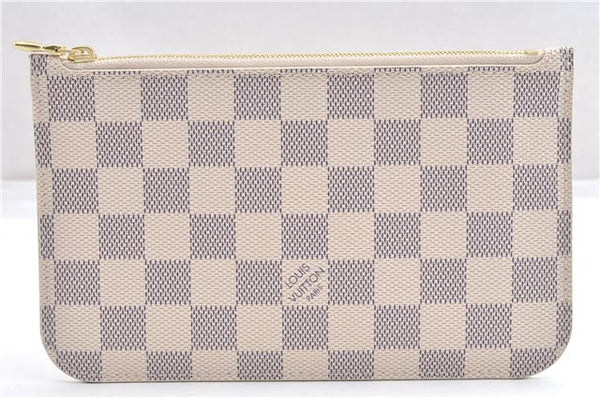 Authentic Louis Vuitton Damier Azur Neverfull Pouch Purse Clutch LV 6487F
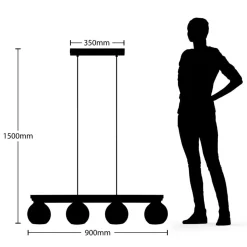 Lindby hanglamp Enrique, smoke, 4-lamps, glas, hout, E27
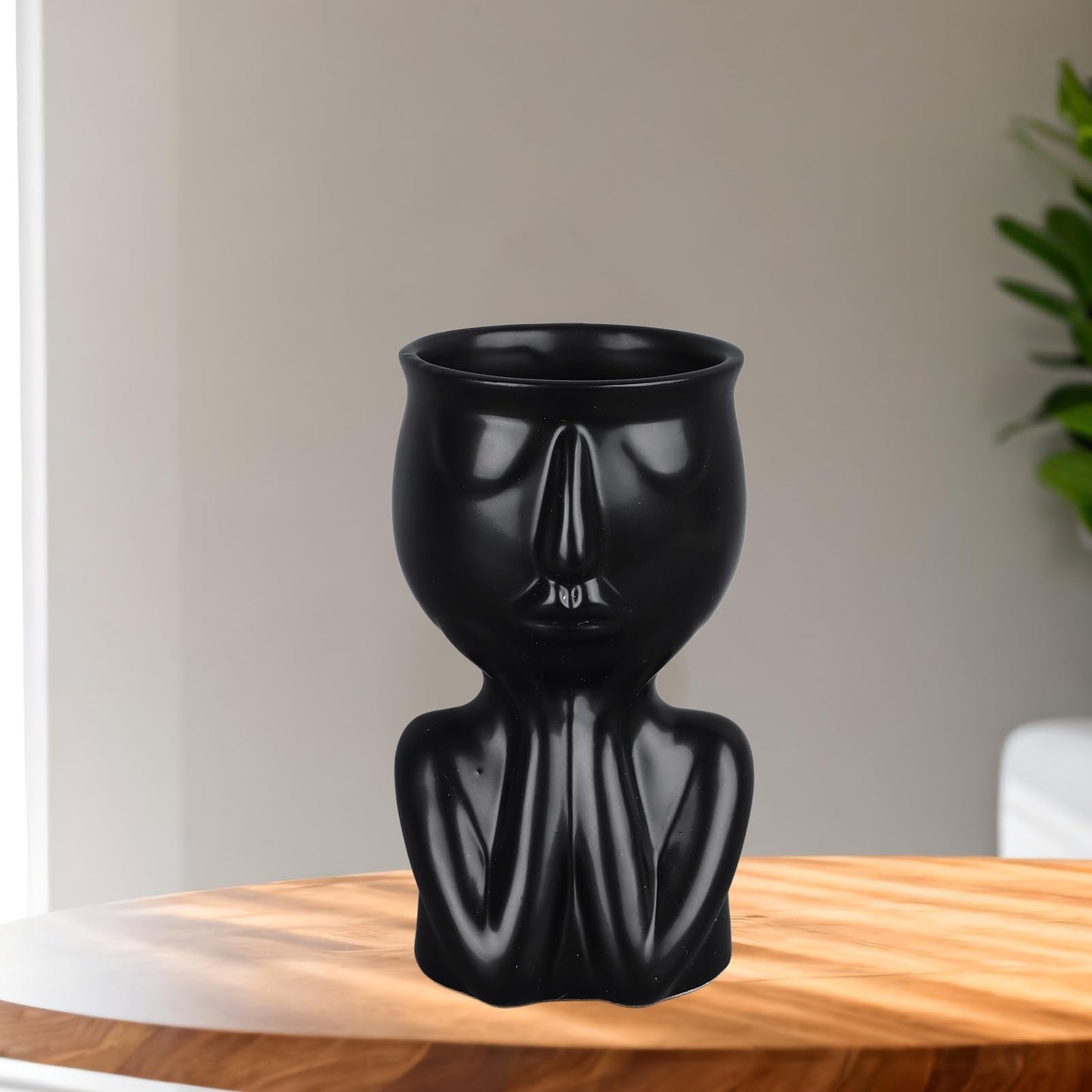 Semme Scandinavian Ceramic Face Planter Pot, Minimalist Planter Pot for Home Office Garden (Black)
-*-*-
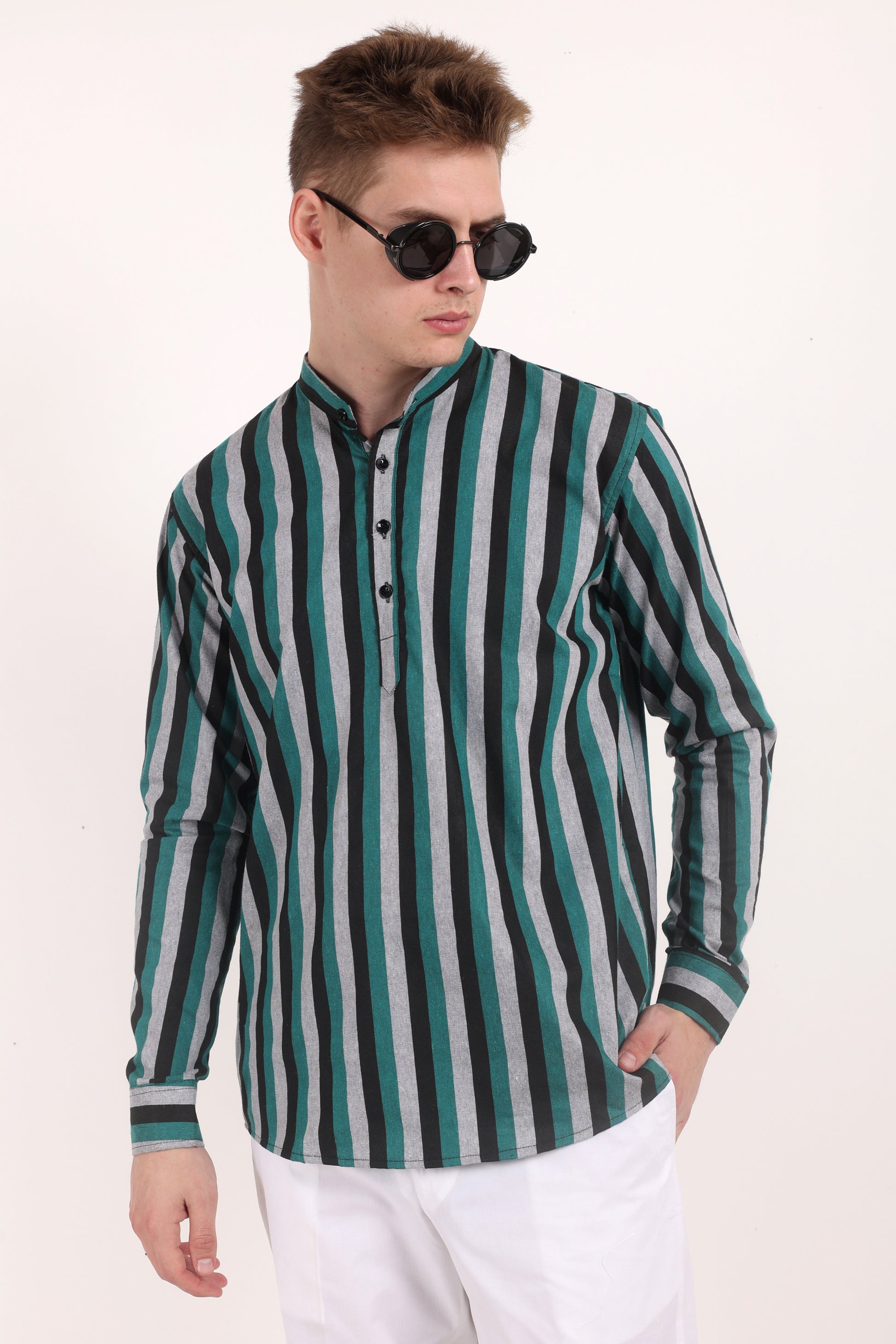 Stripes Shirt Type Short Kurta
-*-*-
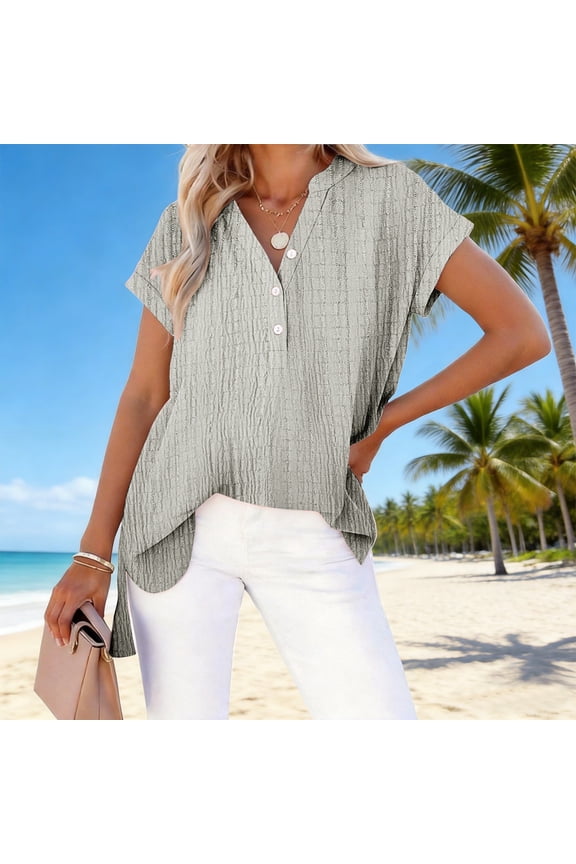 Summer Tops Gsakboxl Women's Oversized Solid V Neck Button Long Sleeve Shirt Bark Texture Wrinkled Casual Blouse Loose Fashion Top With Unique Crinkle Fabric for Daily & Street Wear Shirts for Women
-*-*-
• **Exercise details**
I would like the exact lines from the data above, starting with the one that holds "Authentic Louis Vuitton" and going on through the one that holds "Semme Scandinavian Ceramic", without the pictures.

• **Result for this exercise**
 Authentic Louis Vuitton Damier Azur Neverfull Pouch Purse Clutch LV 6487F
 Lindby hanglamp Enrique, smoke, 4-lamps, glas, hout, E27
 Semme Scandinavian Ceramic Face Planter Pot, Minimalist Planter Pot for Home Office Garden (Black)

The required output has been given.